Design of diffractive phase elements for beam shaping: hybrid approach

Abstract

Hybrid approaches that combine genetic algorithms (GA’s) with traditional gradient-based local search techniques are proposed for the optimization design of diffractive phase elements (DPE’s) for laser beam shaping. These hybrid methods exploit the global nature of the GA’s as well as the local improvement capabilities of the gradient-based local search techniques and will perform a more improved search in comparison with each of the individual approaches. The incorporated local search technique that we used here is the Davidon–Fletcher–Powell method. A cost function that can directly control the performance of the final solutions is also used.
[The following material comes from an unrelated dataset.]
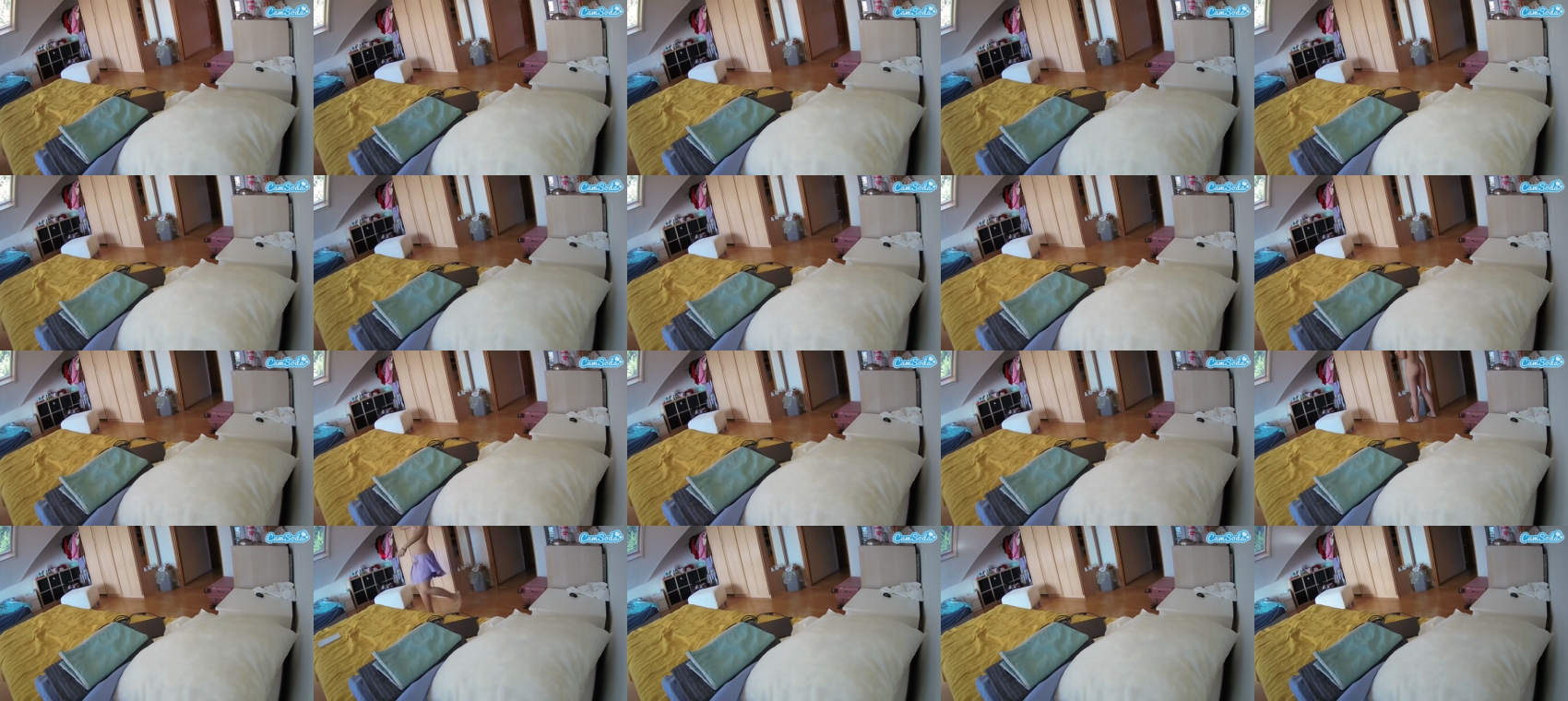 voyeurcam-julmodels-bed-1 CamSoda 18-10-2023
By performing the DPE design with different desired diffraction efficiencies, we obtain a set of results that approximately reflect the trade-off between the design objectives, namely, signal-to-noise ratio (SNR) and diffraction efficiency. Reasonable solutions can be chosen on the basis of the knowledge of the problem. Simulation computations are detailed for two rotationally symmetric beam-shaping systems, in which an incident Gaussian profile laser beam is converted into a uniform beam and a zero-order Bessel beam. Numerical results demonstrate that the proposed algorithm is highly efficient and robust. DPE’s that have high diffraction efficiency and excellent SNR can be achieved by using the algorithm that we propose.